What happens when two thirtysomething siblings relive the summer reading programs of their youth in an all-out battle of the books? The race is on as they read by the rules and keep tally on their logs to see who will be the ultimate reader by Labor Day 2010.

August 10, 2010

The Curse of Trying to Eradicate a Twelve Book Deficit

After the heavy lifting of “Lonesome Dove” and “Dark Places,” I was looking for something lighter/less depressing to read. I had a week left before my month in Scotland, and two library books from which to choose. Of course, in all my brash ambition, I thought I could polish them both off in a week while simultaneously packing up my life for a month. But then I realized I was the world’s slowest reader, already ten to eleven books behind my sister. So when the time for the actual Sophie’s Choice between the two rolled around, I had to go with the easier read. So even though I really wanted to read “Faithful Place,” I had to put her back in the returned books bin, unread, and side with “The Curse of the Gilded Fly.”

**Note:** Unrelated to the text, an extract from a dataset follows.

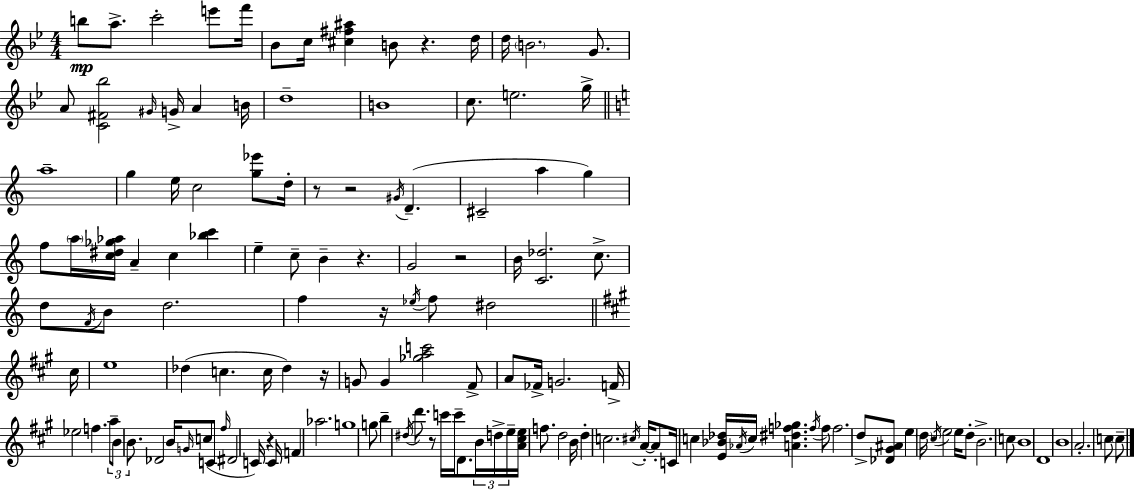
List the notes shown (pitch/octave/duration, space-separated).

B5/e A5/e. C6/h E6/e F6/s Bb4/e C5/s [C#5,F#5,A#5]/q B4/e R/q. D5/s D5/s B4/h. G4/e. A4/e [C4,F#4,Bb5]/h G#4/s G4/s A4/q B4/s D5/w B4/w C5/e. E5/h. G5/s A5/w G5/q E5/s C5/h [G5,Eb6]/e D5/s R/e R/h G#4/s D4/q. C#4/h A5/q G5/q F5/e A5/s [C5,D#5,Gb5,Ab5]/s A4/q C5/q [Bb5,C6]/q E5/q C5/e B4/q R/q. G4/h R/h B4/s [C4,Db5]/h. C5/e. D5/e F4/s B4/e D5/h. F5/q R/s Eb5/s F5/e D#5/h C#5/s E5/w Db5/q C5/q. C5/s Db5/q R/s G4/e G4/q [Gb5,A5,C6]/h F#4/e A4/e FES4/s G4/h. F4/s Eb5/h F5/q. A5/e B4/e B4/e. Db4/h B4/s G4/s C5/e C4/e F#5/s D#4/h C4/s R/q C4/s F4/q Ab5/h. G5/w G5/e B5/q D#5/s D6/e. R/e C6/s C6/s D4/e. B4/s D5/s E5/s [A4,C#5,E5]/s F5/e. D5/h B4/s D5/q C5/h. C#5/s A4/s A4/e C4/s C5/q [E4,Bb4,Db5]/s Ab4/s C5/s [A4,D#5,F5,Gb5]/q. F5/s F5/e F5/h. D5/e [Db4,G#4,A#4]/e E5/q D5/s C#5/s E5/h E5/s D5/e B4/h. C5/e B4/w D4/w B4/w A4/h. C5/e C5/e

Kerry has already mentioned my childhood weakness for Agatha Christie and Martha Grimes*, and so I thought Edmund Crispin’s book might be a welcome return to my youth. Plus, it had been touted by Nancy Pearl, and fell into one of my favorite subgenres, Mysteries that Take Place in a Boarding School/University Setting (see “The Secret History,” “The Likeness,” and “The Disreputable Reputation of Frankie Landau-Banks”). The book jacket touted it as a return to The Golden Age of Mystery, and while I certainly enjoyed the cast of eccentric characters, but I forgot how boring books from TGAOM can be. Most of the book is static scenes of interviews, set in a parlor, and the action doesn’t kick in until the final chapter. But the World War II setting lent a menacing air (blackouts play a key role), and the book is weirdly funny. Characters frequently call out the fact that they’re characters in a book, and Crispin writes with an acidic dryness. The book also serves as a reminder as to how much smarter everyone was fifty years ago. Even the dumb characters knowledgeably reference “Cymbeline” and “Pericles” (huh?) and the vocab words sent me racing to a dictionary, or at least dictionary.com. So while I didn’t love the book, I appreciate the fact that it taught me such words as prolegomena, objurgatory, and – my personal favorite – aposiopesis, which -

Martha Grimes probably served as my Meg Cabot, teaching me all about “kissing, dating, birth control, homosexuality, eating disorders, unplanned pregnancies, unwed mothers, or cliques.”

1 comment:

  1. "Brendan wished he could count the lengthy prolegomena as its own book, after taking three nights to read it."